Dreamworks’ slate of animation has, for me, been the opposite of Pixar in that it has had a long losing streak.  The mild guffaws I got out of Antz and Shrek aside, I absolutely hated Shark Tale, Madagascar, Over the Hedge, and the other two Shrek films.  These films tried much too hard to show how clever everyone involved could be, and I found the obvious made-for-marketing jokes obnoxious.

Or as Homer Simpson put it in the this season’s premiere of The Simpsons, telling summer plots as if they were campfire stories, “There once was an ogre named Shrek Three who lived in medieval times, but he said things that were from today times.”

Now, I was really skeptical of Bee Movie after watching the first animated previews.  The live-action ”we’re making a movie” stuff was pretty clever, but then the actual cartoon previews came out and there was stuff like “Ray Liotta Honey” in there, which is exactly the kind of joke I’m talking about, I began to think even Jerry Seinfeld was going to be wrapped up in the Dreamworks “Look at all these references” extravaganza.  But I was surprised.

Bee Movie starts off like just about any “secret world” computer toon does, by introducing us to things that don’t talk in the real world and making some snarky comments about an average day-in-the-life.  Barry B. Benson (Jerry Seinfeld, who co-scripted, and it shows) is, like all bees, about to work the rest of his life in a honey factory.  But as his blue eyes make clear, he’s not going to be happy about it and he’s going to make some waves.  His friend Adam (Matthew Broderick) and his parents Janet (Kathy Bates) and Martin (Barry Levinson) don’t know why he can’t just be happy with his fate.

Before deciding on the job he will have for the rest of his life, he decides to go out with the studs of the bee community, the “Jocks” that go out and collect the honey and spread the pollen at great risk to themselves.  During this mission, he gets lost and stumbles upon human Vanessa Bloome (Renee Zellweger), who can actually hear him speak.  And she’s not the only one, or even one of a select few; it’s just a law that bees don’t talk to humans.  Vanessa saves Barry from death by her boyfriend Ken (Patrick Warburton) and they become friends.

But then, Barry finds out that honey is being sold in supermarkets, so he finds a way to sue the human race for stealing the honey, taking bees from their homes to mass-produce the honey, using chemicals to keep them compliant, and for other bee misuse, such as people naming themselves Sting (yep, as himself), or using a bear, a sworn bee enemy, as a dispenser for honey.  He actually gets into court, facing off against lawyer Layton T. Montgomery (John Goodman).

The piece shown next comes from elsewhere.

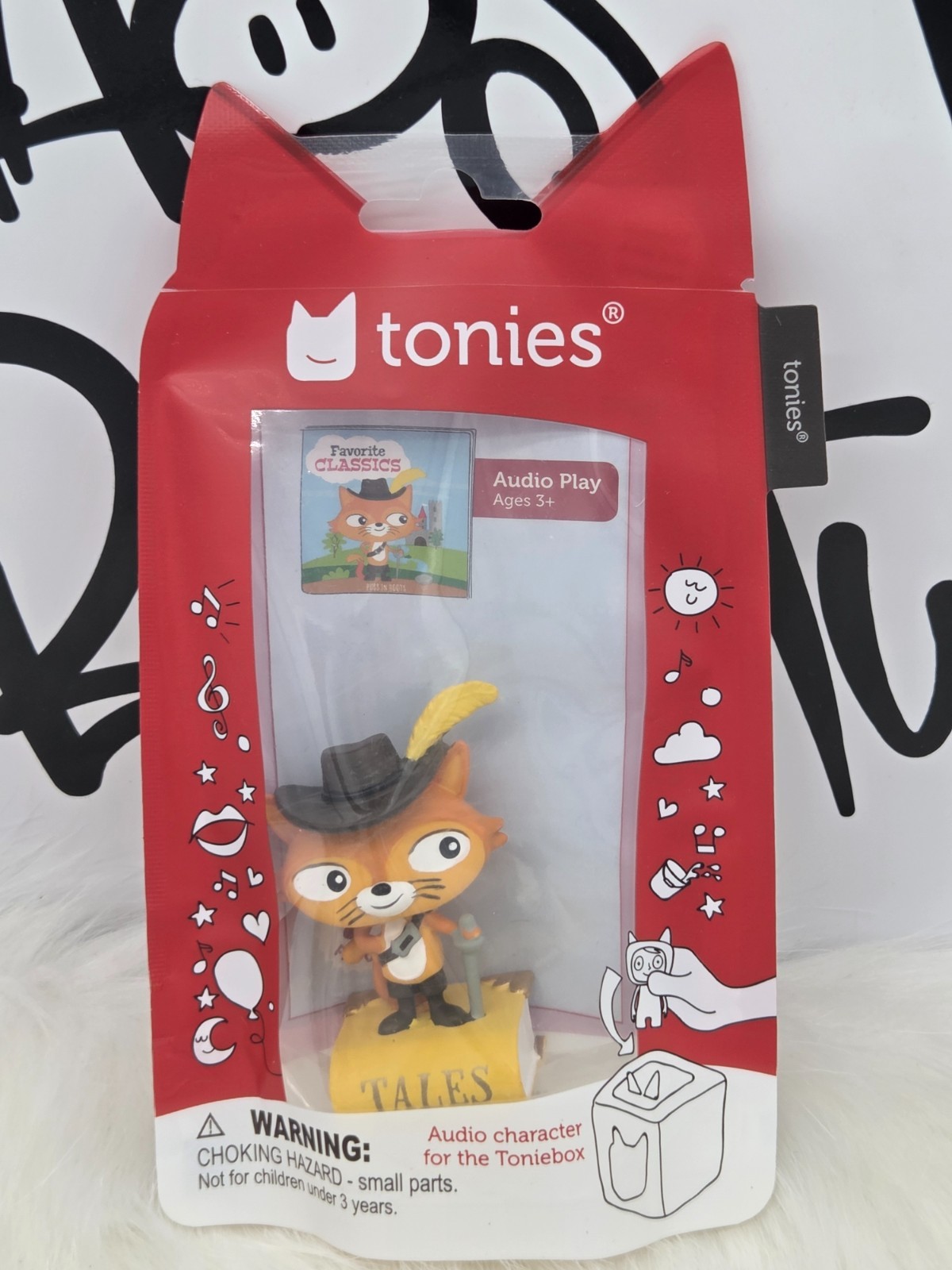 Tonies Favorite Classics Puss in Boots Toniebox Audio Figurine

And we find out a lot about how bees are important to our lives, which comprises the third act.  While the movie still has some references that will be dated a decade or so down the road, they aren’t done with the same overbearing down-your-throat style that Dreamworks is known for.  And big points for not doing the whole, “Well Vanessa can hear Barry, but no one else can,” nonsense, which plays into a really good joke later on.

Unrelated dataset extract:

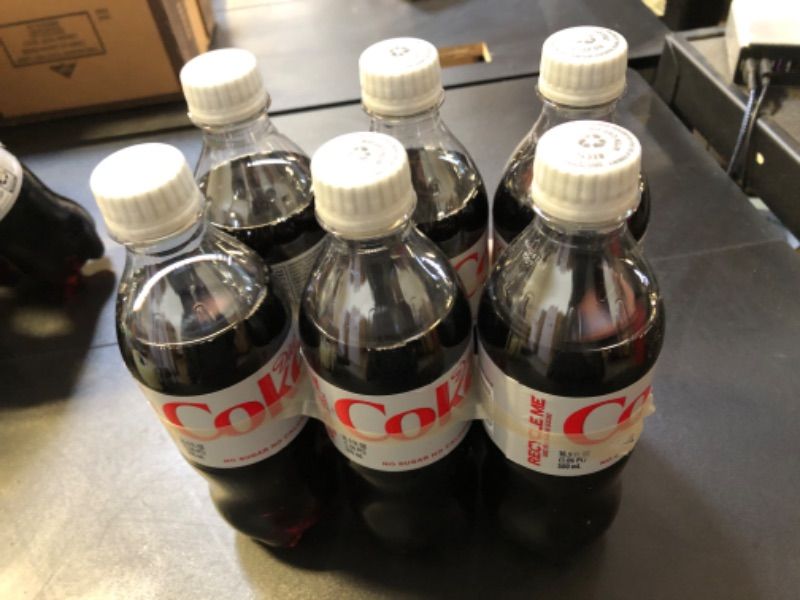 Photo 2 of Diet Coke, 16.9 fl oz, 6 Pack (Package May Vary) Diet Coke 16.9 fl oz (Pack of 6)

And even when it gets to pop culture references, they’re pretty funny.  There’s a The Graduate reference that is really good mainly because no one is saying something like, “Mrs. Robinson you’re trying to seduce me,” just so you know that it is The Graduate (even better, it’s not even that scene that is getting referenced).  The scenes with Larry King (probably my favorite scene), Ray Liotta, and Sting are good, and a great crack at John Travolta got me laughing.  In the story department, the film does a good job at making the proceedings matter, even though the premise is pretty ridiculous when it comes down to it.  I’m sure there will be quite a few critics who point out that bees in a courtroom is too much (and especially the airplane scene in the big finale), but I dug it.

Seinfeld and Zellweger do great voice work, and although the Dreamworks animation still looks the same after nearly a decade, it serves the story OK.  There’s still a big gap between Dreamworks and Pixar, but at least this time I didn’t feel pandered to.  Good fun.

Comments

Comment from H. Wellman
Time: November 1, 2007, 10:12 am

Cool review. I hope it’s as good as you say it is.